TASK INSTRUCTIONS:
Give the entries below again, word for word, and leave out the images.

Records from a dataset:

'''

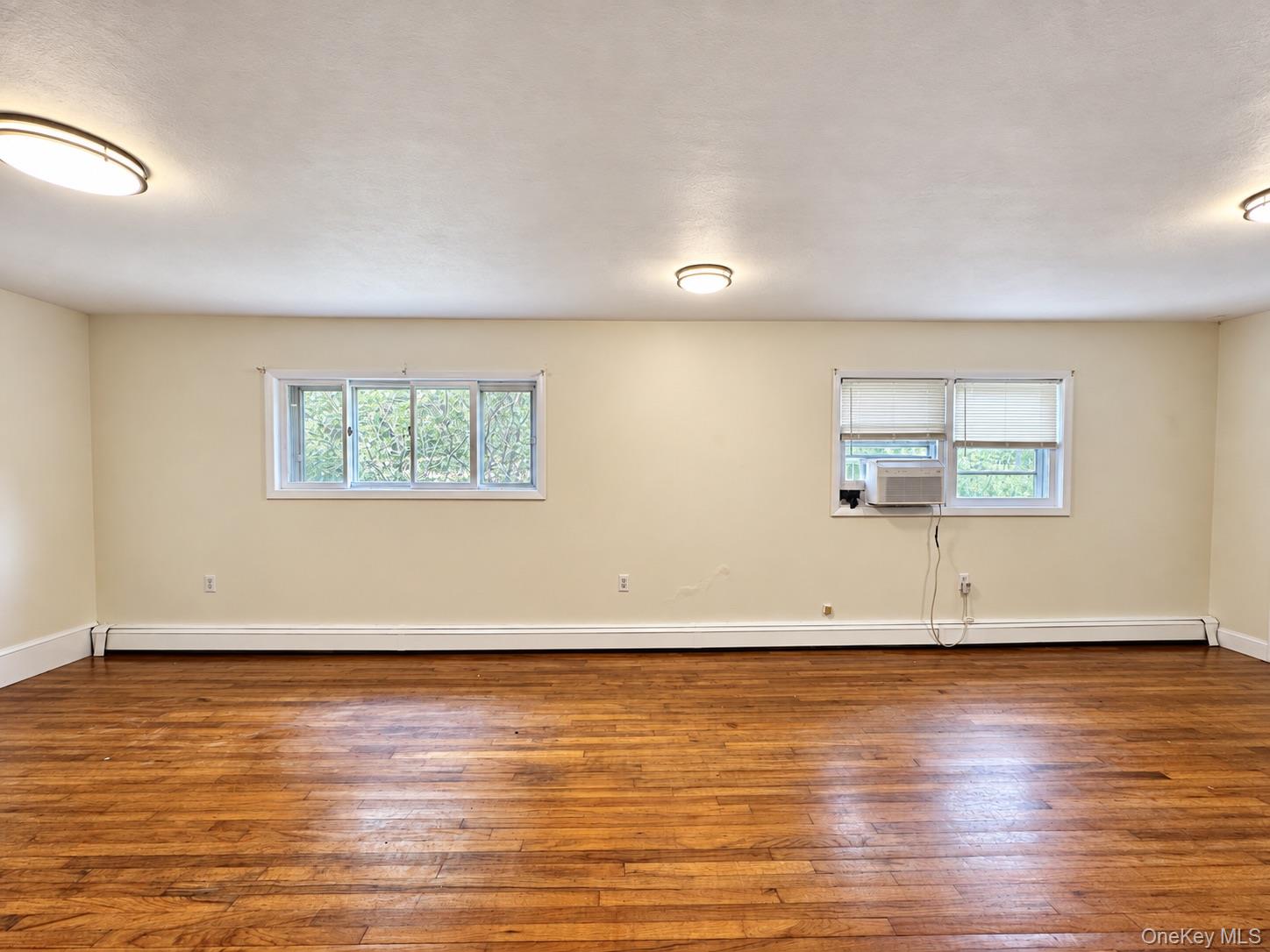 72 Bross Street Property Photo 4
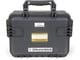Thumbnail Abbildung 8 von Enerpac S3000PX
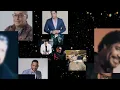 GILBERTO SANTA ROSA, SOMBRA LOCA (LETRA)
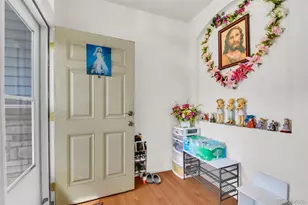 4732 Flower St, Wheat Ridge, CO 80033 - Photo 5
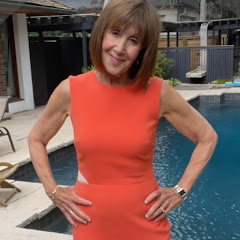 Rose Reisman - Art of Living Well Avatar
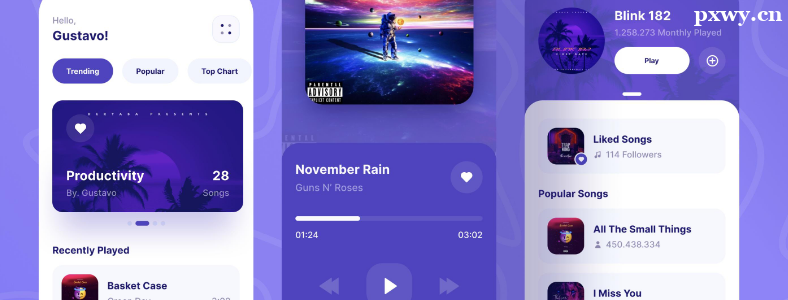 UI����������ѧҪѧʲô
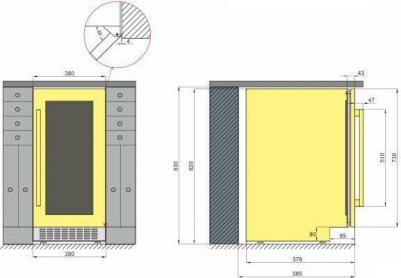 MV28-KST2 – фото 14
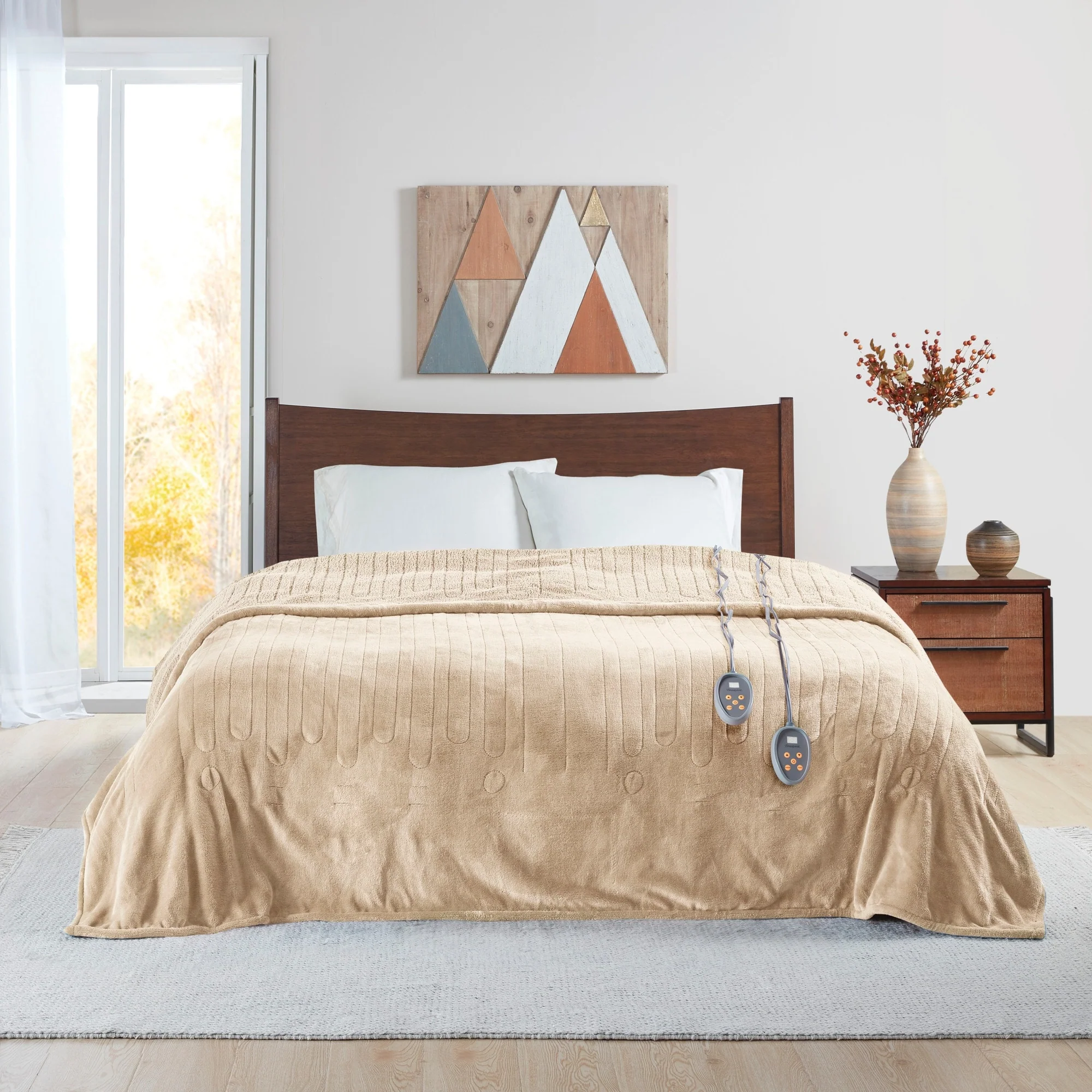 D30A9125-A5F3-87C0-D040-45E24BDFC313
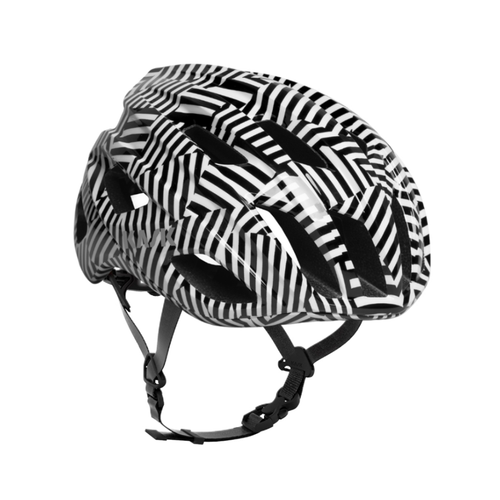 Casque Mojito Cubed Camo Wg11 - Camo Black/Wh-C240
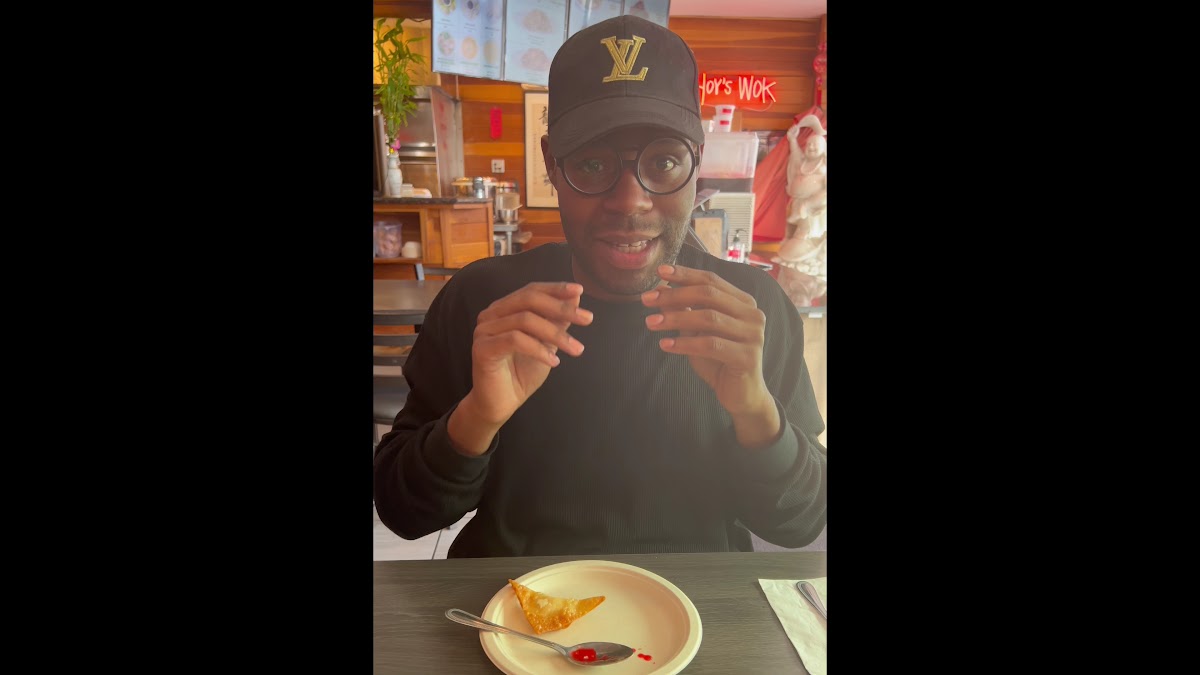 Hoy's Wok Chinese Food-2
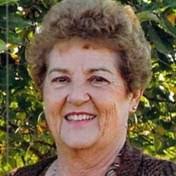 Herman Castle's Instagram, Twitter & Facebook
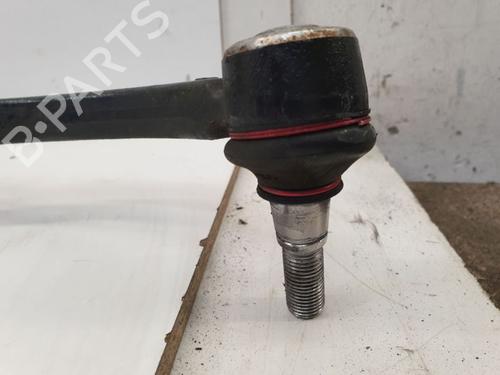 Steering rack CITROËN JUMPER II Van 2.2 HDi 110 | BP33682835M22 - Image 10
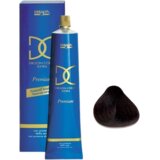 Dikson Permanentna boja za kosu, 5.33, 120ml | Eponuda.com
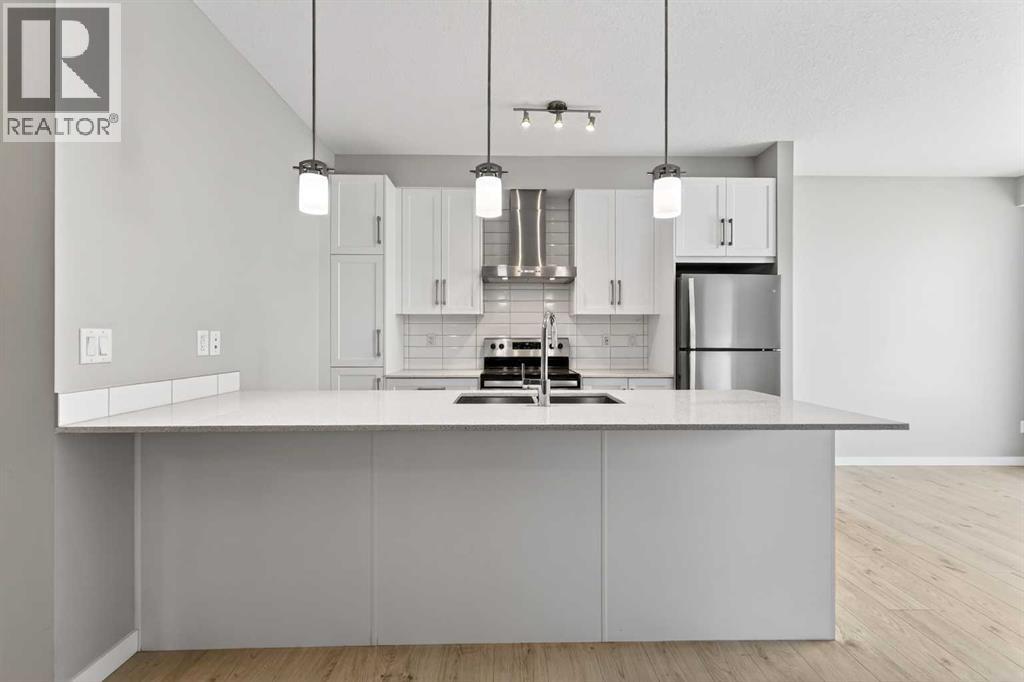 #403 122 Mahogany Centre SE - 8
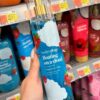 img_6924 Body Mist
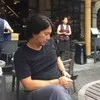 Hiroyuki Tanaka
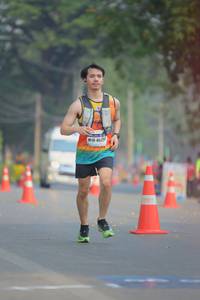 BIB: 463
                            <button type="button" onclick="openModal(10012291)" class="btn btn-primary btn-sm float-right btn-popup" data-toggle="modal" data-target=".modal-high-quality">
                        <i class="fas fa-shopping-cart"></i> Add to Cart
                    </button>
                                            <button type="button" onclick="isThisMe(10012291, true)" class="btn btn-success btn-sm float-right btn-popup btn-isme hidden" data-toggle="tooltip" data-placement="bottom" title="นี่คือรูปของคุณใช่ไหม คลิกที่นี่เพื่อเอาเข้าอัลบั้ม">
                        <i class="fas fa-plus"></i> Add to album
                    </button>
                    <button type="button" onclick="isThisMe(10012291, false)" class="btn btn-warning btn-sm float-right btn-popup btn-isnotme hidden">
                        <i class="fas fa-ban"></i> Remove from album
                    </button>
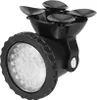 Podvodní osvětlení Podvodní světelný reflektor Akvarijní Náhled obrázku produktu 7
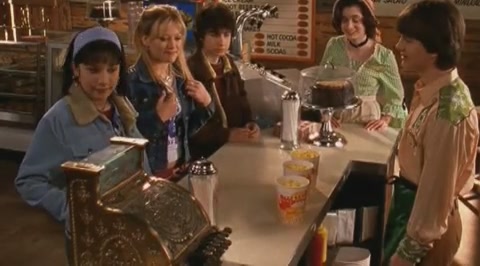 DailyDuff-dot-org_LizzieMcGuire-2x27GrubbyLongjohnsOldeTymeRevue0554.jpg DailyDuff-dot-org_LizzieMcGuire-2x27GrubbyLongjohnsOldeTymeRevue0554.jpg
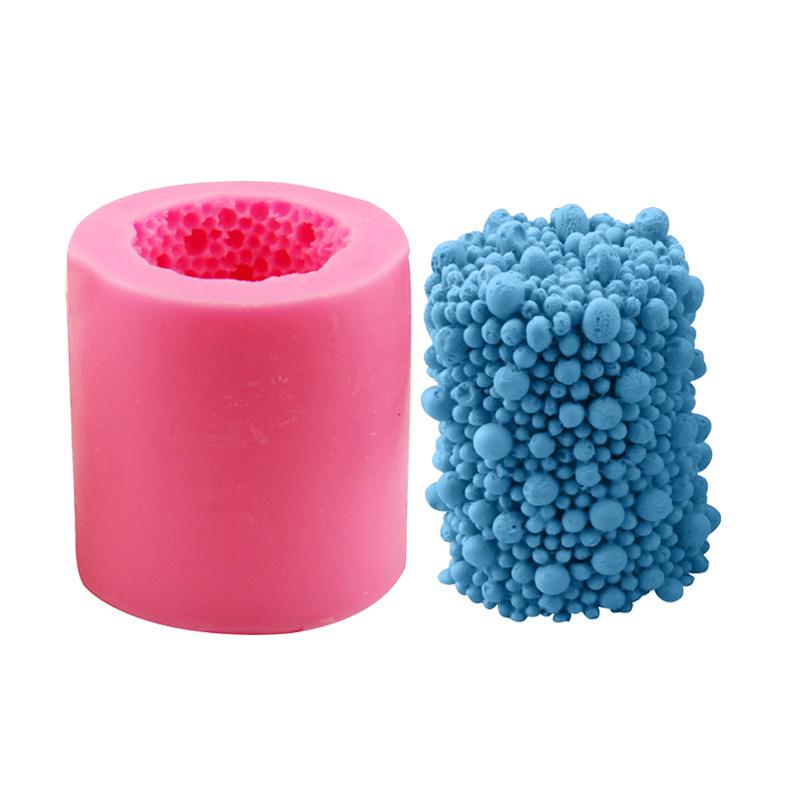 3505394693_1149685148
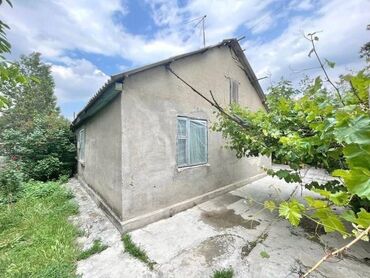 бишкек продаю дом село нижний алаарча: 11 соток, Для бизнеса, Красная книга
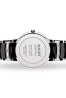 náhled Rado Centrix Diamonds R30934712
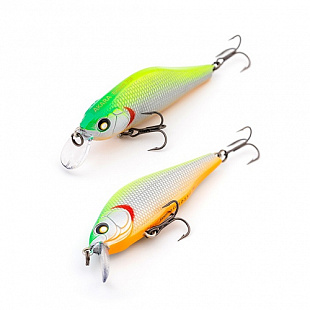 Воблер Akara Expert 70F A122 E70F-A122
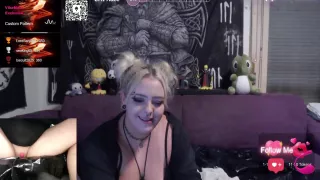 Stream Highlights From 26.07.2023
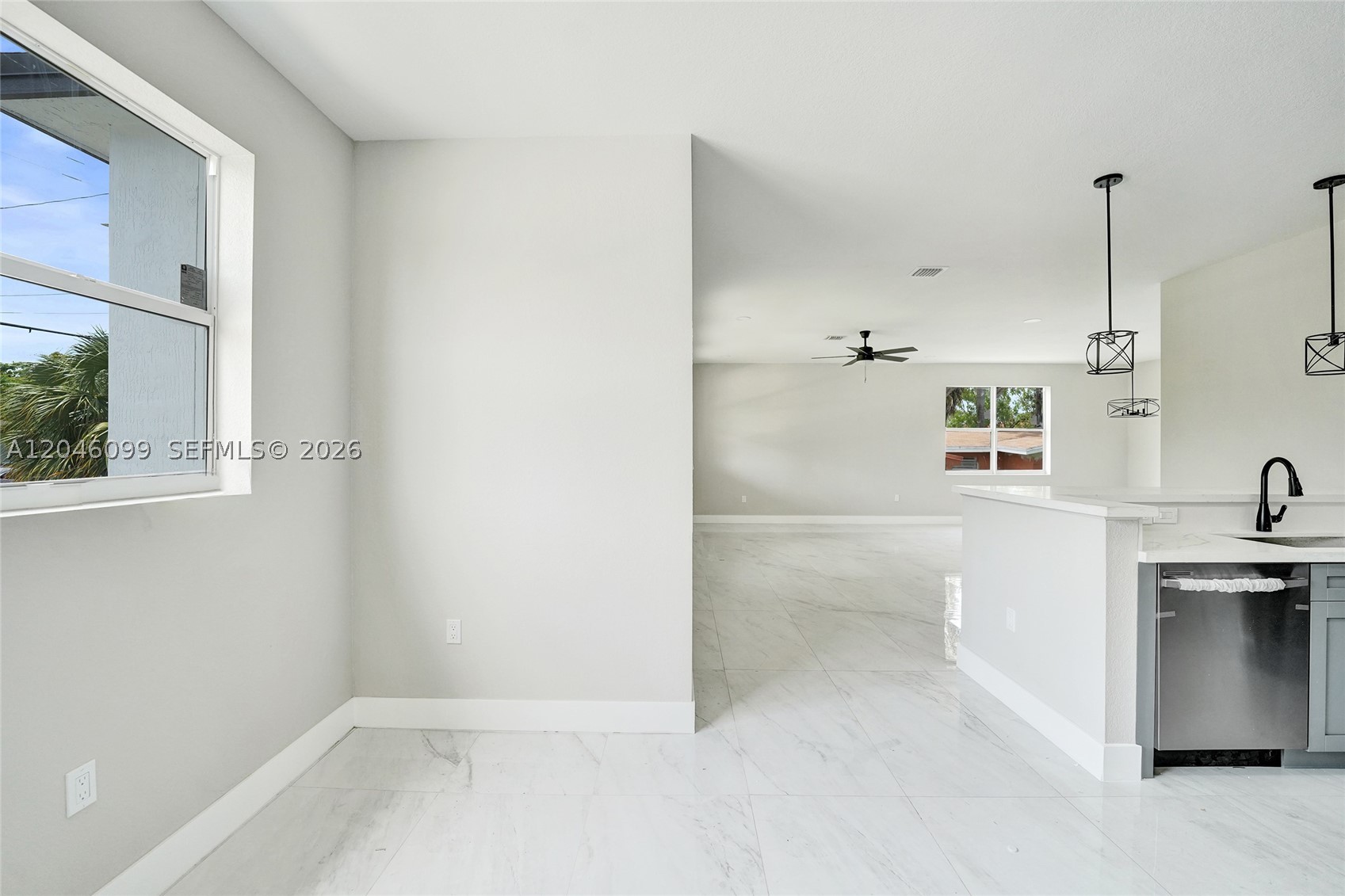 211 NW 14th Ct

'''

PROBLEM SOLUTION:
 72 Bross Street Property Photo 4
Thumbnail Abbildung 8 von Enerpac S3000PX
 GILBERTO SANTA ROSA, SOMBRA LOCA (LETRA)
 4732 Flower St, Wheat Ridge, CO 80033 - Photo 5
 Rose Reisman - Art of Living Well Avatar
 UI����������ѧҪѧʲô
 MV28-KST2 – фото 14
 D30A9125-A5F3-87C0-D040-45E24BDFC313
 Casque Mojito Cubed Camo Wg11 - Camo Black/Wh-C240
 Hoy's Wok Chinese Food-2
 Herman Castle's Instagram, Twitter & Facebook
 Steering rack CITROËN JUMPER II Van 2.2 HDi 110 | BP33682835M22 - Image 10
 Dikson Permanentna boja za kosu, 5.33, 120ml | Eponuda.com
 #403 122 Mahogany Centre SE - 8
 img_6924 Body Mist
 Hiroyuki Tanaka
 BIB: 463
                            <button type="button" onclick="openModal(10012291)" class="btn btn-primary btn-sm float-right btn-popup" data-toggle="modal" data-target=".modal-high-quality">
                        <i class="fas fa-shopping-cart"></i> Add to Cart
                    </button>
                                            <button type="button" onclick="isThisMe(10012291, true)" class="btn btn-success btn-sm float-right btn-popup btn-isme hidden" data-toggle="tooltip" data-placement="bottom" title="นี่คือรูปของคุณใช่ไหม คลิกที่นี่เพื่อเอาเข้าอัลบั้ม">
                        <i class="fas fa-plus"></i> Add to album
                    </button>
                    <button type="button" onclick="isThisMe(10012291, false)" class="btn btn-warning btn-sm float-right btn-popup btn-isnotme hidden">
                        <i class="fas fa-ban"></i> Remove from album
                    </button>
 Podvodní osvětlení Podvodní světelný reflektor Akvarijní Náhled obrázku produktu 7
 DailyDuff-dot-org_LizzieMcGuire-2x27GrubbyLongjohnsOldeTymeRevue0554.jpg DailyDuff-dot-org_LizzieMcGuire-2x27GrubbyLongjohnsOldeTymeRevue0554.jpg
 3505394693_1149685148
 бишкек продаю дом село нижний алаарча: 11 соток, Для бизнеса, Красная книга
 náhled Rado Centrix Diamonds R30934712
 Воблер Akara Expert 70F A122 E70F-A122
 Stream Highlights From 26.07.2023
 211 NW 14th Ct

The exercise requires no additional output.